From: Andi Kleen <ak@suse.de>
To: Muli Ben-Yehuda <mulix@mulix.org>
Cc: Jon Mason <jdmason@us.ibm.com>, Muli Ben-Yehuda <muli@il.ibm.com>,
Linux-Kernel <linux-kernel@vger.kernel.org>,
discuss@x86-64.org, Andrew Morton <akpm@osdl.org>
Subject: Re: [PATCH 2/3] x86-64: Calgary IOMMU - Calgary specific bits
Date: Thu, 23 Mar 2006 17:31:32 +0100 [thread overview]
Message-ID: <200603231731.34097.ak@suse.de> (raw)
In-Reply-To: <20060320085416.GB21729@granada.merseine.nu>
On Monday 20 March 2006 09:54, Muli Ben-Yehuda wrote:
> +/* register offsets inside the PHB space */
Call it host bridge here.
> +void* tce_table_kva[MAX_NUM_OF_PHBS * MAX_NUM_NODES];
> +unsigned int specified_table_size = TCE_TABLE_SIZE_UNSPECIFIED;
Why are these not static too?
> +static int translate_empty_slots __read_mostly = 0;
> +static int calgary_detected __read_mostly = 0;
> +
> +static void tce_cache_blast(struct iommu_table *tbl);
> +
> +/* enable this to stress test the chip's TCE cache */
> +#undef BLAST_TCE_CACHE_ON_UNMAP
This should be probably hooked into iommu=debug / CONFIG_IOMMU_DEBUG
> +static inline int valid_dma_direction(int dma_direction)
> +{
> + return ((dma_direction == DMA_BIDIRECTIONAL) ||
> + (dma_direction == DMA_TO_DEVICE) ||
> + (dma_direction == DMA_FROM_DEVICE));
> +}
Don't we already check that in the callers?
> +
> + offset = find_next_zero_string(tbl->it_map, tbl->it_hint,
> + tbl->it_size, npages);
> + if (offset == ~0UL) {
> + tce_cache_blast(tbl);
> + offset = find_next_zero_string(tbl->it_map, 0,
> + tbl->it_size, npages);
> + if (offset == ~0UL)
> + panic("Calgary: IOMMU full, fix the allocator.\n");
This should properly error out, not panic.

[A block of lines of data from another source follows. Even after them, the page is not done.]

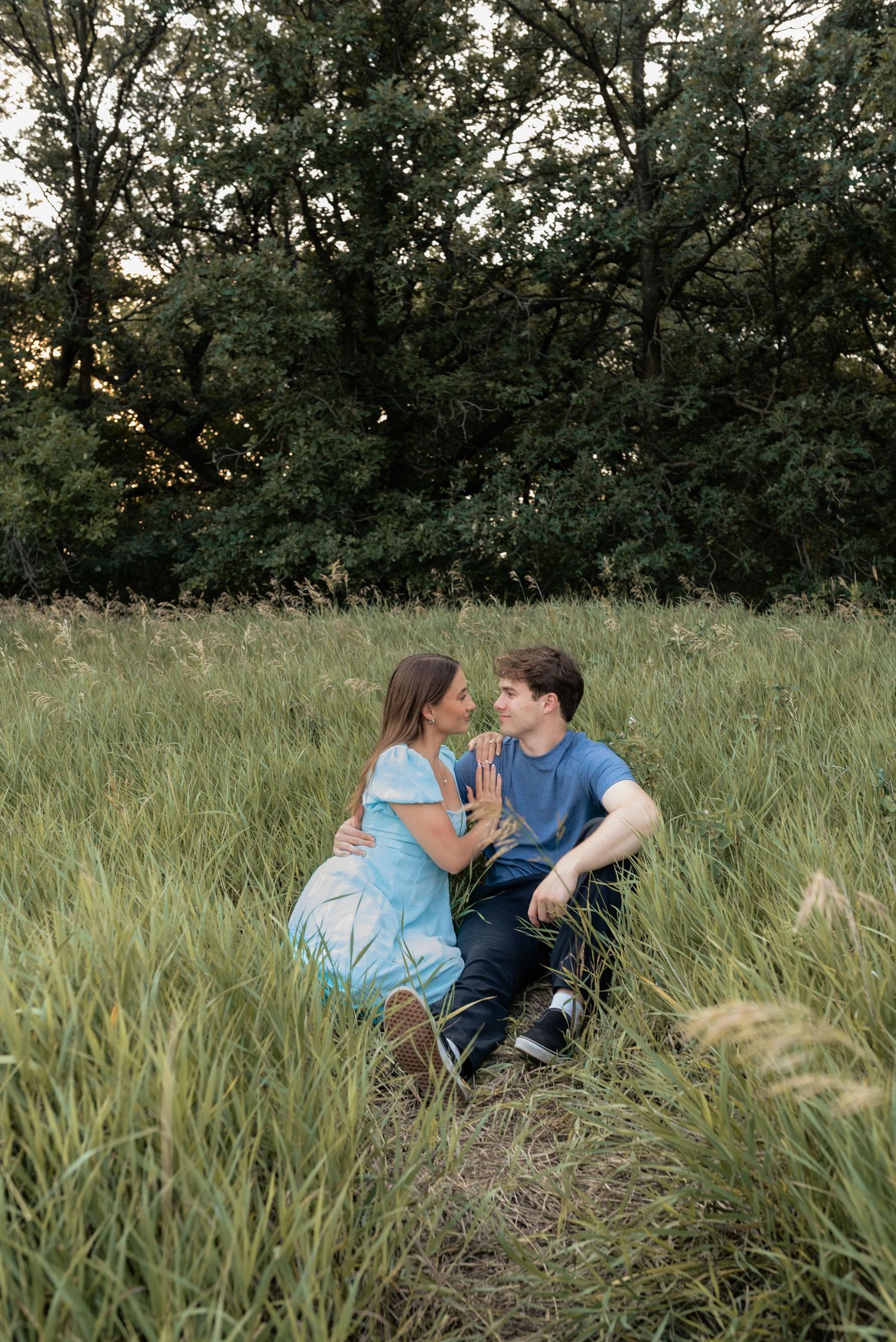 A couple sits together in a lush green meadow, sharing a tender moment surrounded by tall grass and trees.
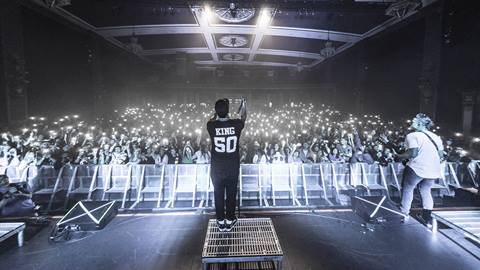Common Kings band performing on stage in front of a large audience with their phone flash lights lighting up the crowd.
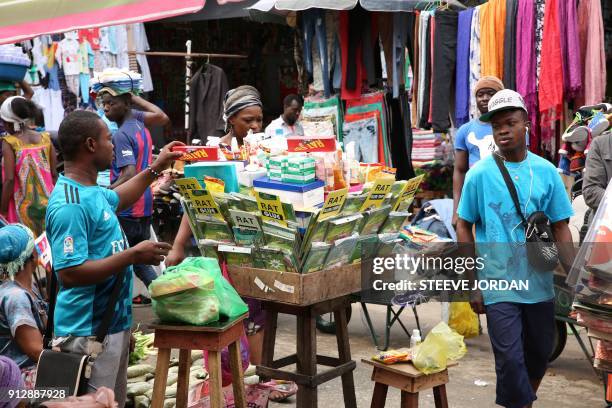 Man looks at the products displayed on a market stall selling rat poison at a steet market, in Libreville, on January 31, 2018. - The consumption of...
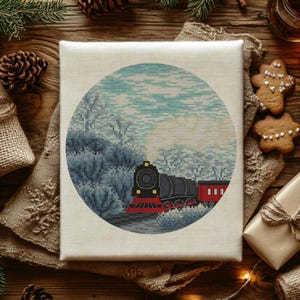 Puede incluir: Una obra de arte de punto de cruz de una escena invernal con un tren de vapor negro y rojo que viaja por un bosque nevado. La obra de arte es circular y está colocada sobre un lienzo de color claro. La imagen está rodeada de decoraciones navideñas.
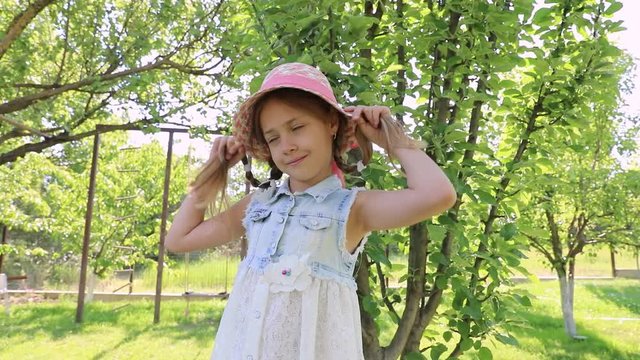Little cute girl dressed in a dress and a hat laughs in a green summer garden. baby laughter, smile. happiness of the child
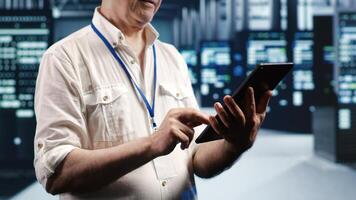 Tech savvy professional navigating network of server rigs in industrial cloud computing company. Manager with tablet doing assessments and optimizations in data center, preventing system pitfalls photo
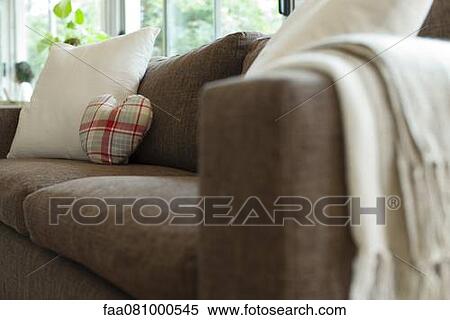 Stock Photography - Cushions on sofa in living room. Fotosearch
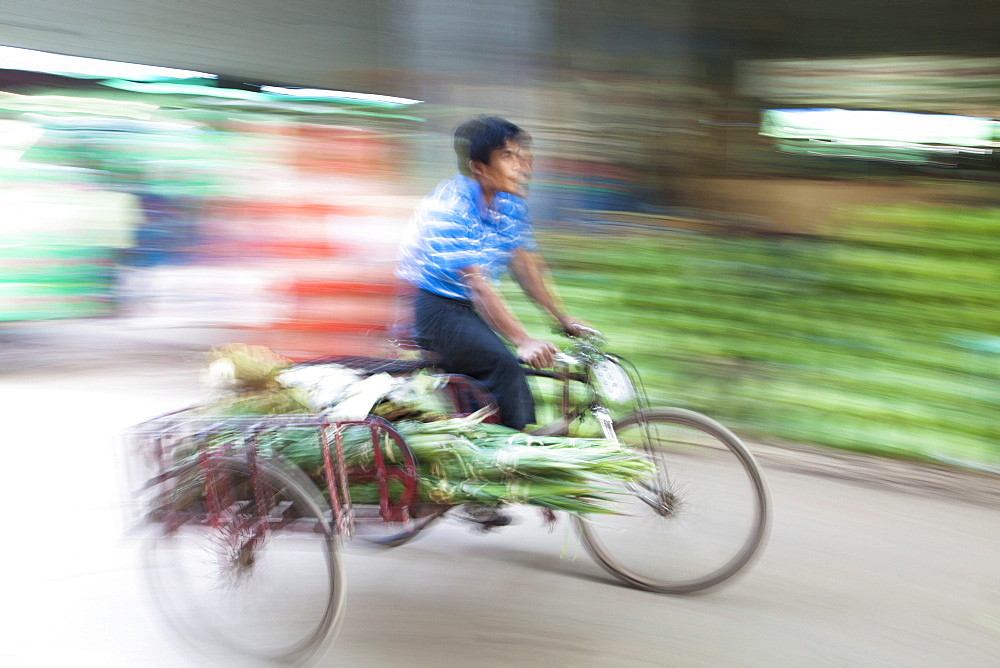 Panned and blurred image to add a sense of movement of a man cycling through Thiri Mingalar market, Yangon (Rangoon), Myanmar (Burma), Asia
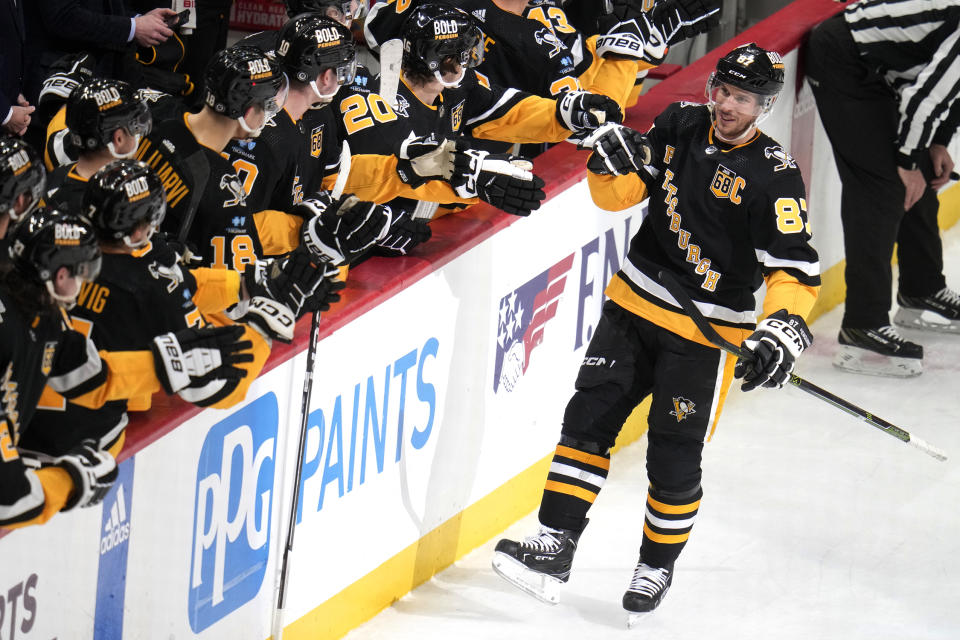 Pittsburgh Penguins' Sidney Crosby (87) returns to the bench after scoring during the first period of an NHL hockey game against the Los Angeles Kings in Pittsburgh, Sunday, Feb. 18, 2024. (AP Photo/Gene J. Puskar)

> +static dma_addr_t iommu_alloc(struct iommu_table *tbl, void *vaddr,
> + unsigned int npages, int direction)
> +{
> + unsigned long entry, flags;
> + dma_addr_t ret = bad_dma_address;
> +
> + spin_lock_irqsave(&tbl->it_lock, flags);
> +
> + entry = iommu_range_alloc(tbl, npages);
> +
> + ret = entry << PAGE_SHIFT; /* set the return dma address */
> +
> + if (unlikely(ret == bad_dma_address))
> + goto error;
> +
> + /* put the TCEs in the HW table */
> + tce_build(tbl, entry, npages, (unsigned long)vaddr & PAGE_MASK,
> + direction);
> + /* make sure HW sees the new TCEs */
> + mb();
> +
> + spin_unlock_irqrestore(&tbl->it_lock, flags);
> +
> + return ret;
Does this imply vaddr is always page aligned? Otherwise you would need
to add the offset into the page.
> + BUG_ON(!tbl);
> +
> + spin_lock_irqsave(&tbl->it_lock, flags);
That is a useless BUG_ON. More occurrences.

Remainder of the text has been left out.